I welcome students and collaborators from a range of different backgrounds, including those who have partners and families, and those with diverse experience.
Prospective post-docs who are interested in working with me, either by applying for a postdoctoral fellowship or writing a grant to support a postdoctoral position, should contact me.
I support incoming graduate students in collaborative research with others, to enable students to develop research skills, value critical thinking, engage in respectful relationships, communicate their work, and publish papers.
Masters and PhD students are welcome in the following areas:
- Wētā behaviour and ecology. Otago stone weta (Hemideina maori) are large sexually dimorphic insects are found in subalpine and alpine areas of Otago. Projects could include aspects of anti-predator behaviour, foraging, or communication.
- Kākā behaviour. You will undertake a field study to explore evolutionary questions focused on kākā behaviour and communication.
- Using museum collections. These collections are an excellent way to explore questions about ecology, behaviour, distribution and morphology.
- Research that weaves mātauranga and conservation research methods to explore socioecological relationships.
Students may also develop their own research projects for their dissertations with my assistance. I support students to work both independently and in collaboration with others.
Students interested in applying to work with me should send me a brief statement of interests, CV, and summary of previous experience.

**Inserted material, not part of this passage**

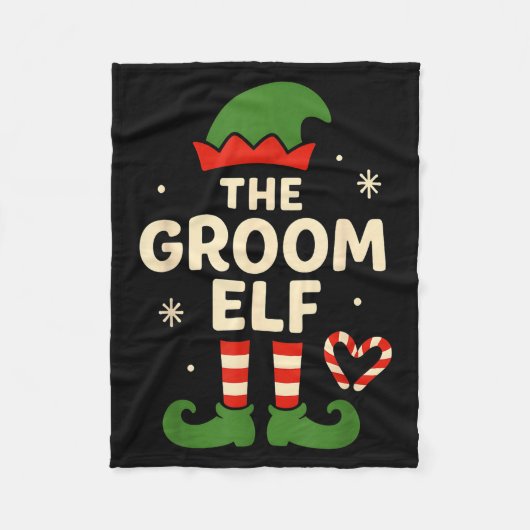 De Bruidegom Elf Kerstmis Kerstmis Grappig Huwelij Fleece Deken (Voorkant)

Masters scholarships available in 2022 or 2023
Antarctic research opportunities
There are a number of Masters scholarships (fees and stipend for the thesis year) centred on Antarctic research. At least one of these is tagged for a Māori student. Anei ngā kaupapa e whai ake nei:
- Antarctic narratives.
Māori have visited Antarctica in a range of roles, from fishing, through to the armed forces, service and science roles. You will interview a number of these Antarcticans, asking questions about their experience and drawing out their perceptions of Antarctica. These narratives will contribute to a larger project on Antarctica and kaitiakitanga. The project will be co-supervised by Dr Krushil Watene (Massey University).
You may have a background in fishing; environmental sciences; social sciences; Māori studies; geography or some other discipline. You will enjoy talking to people and be curious about their experience. You will also be flexible, pay attention to detail, enjoy working as part of a team, and have a sense of humour, but also be able to work independently. Mature students with broad life experience are most welcome.

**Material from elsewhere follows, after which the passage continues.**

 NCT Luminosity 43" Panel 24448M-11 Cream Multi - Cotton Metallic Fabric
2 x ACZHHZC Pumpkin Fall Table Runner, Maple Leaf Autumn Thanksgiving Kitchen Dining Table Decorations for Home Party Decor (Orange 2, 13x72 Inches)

- Inter-generational relationships using isotopes and behaviour.
You will help to answer evolutionary questions by building a network of mother and chick feeding and nutrition using stable isotope analysis. You will explore the stable isotope signatures of materials such as feathers and eggshell. Initially, you will test techniques using materials from a common bird species, but we hope to eventually analyse material from Antarctic birds in museum collections.

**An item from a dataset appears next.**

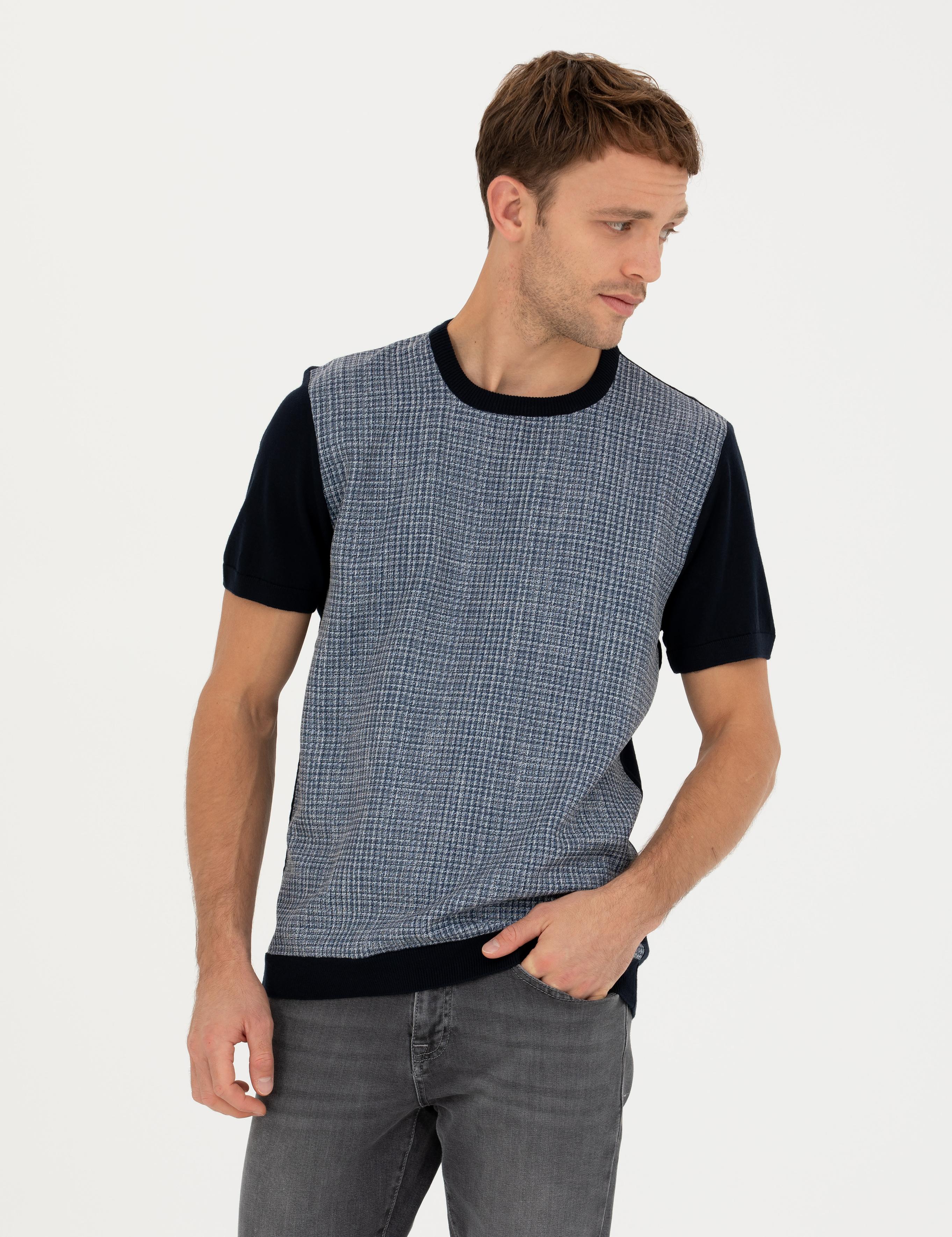 Lacivert Slim Fit Bisiklet Yaka Triko Tişört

For this project, you will have a biological or environmental sciences background, be willing to learn some basic chemistry, and to understand more about Antarctic avian feeding patterns. You will be interested in big picture questions and have the capacity to think laterally. You will probably enjoy lab work and learning new things: you will be willing to learn data analysis with guidance and help from others and enjoy the sense of satisfaction that comes from achieving new tasks.
Stretching philosophical concepts.
This project explores kaitiakitanga and how this idea might stretch to Antarctica. Co-supervised by Assoc Prof Krushil Watene at Massey University (Albany), you will most likely be based at Albany.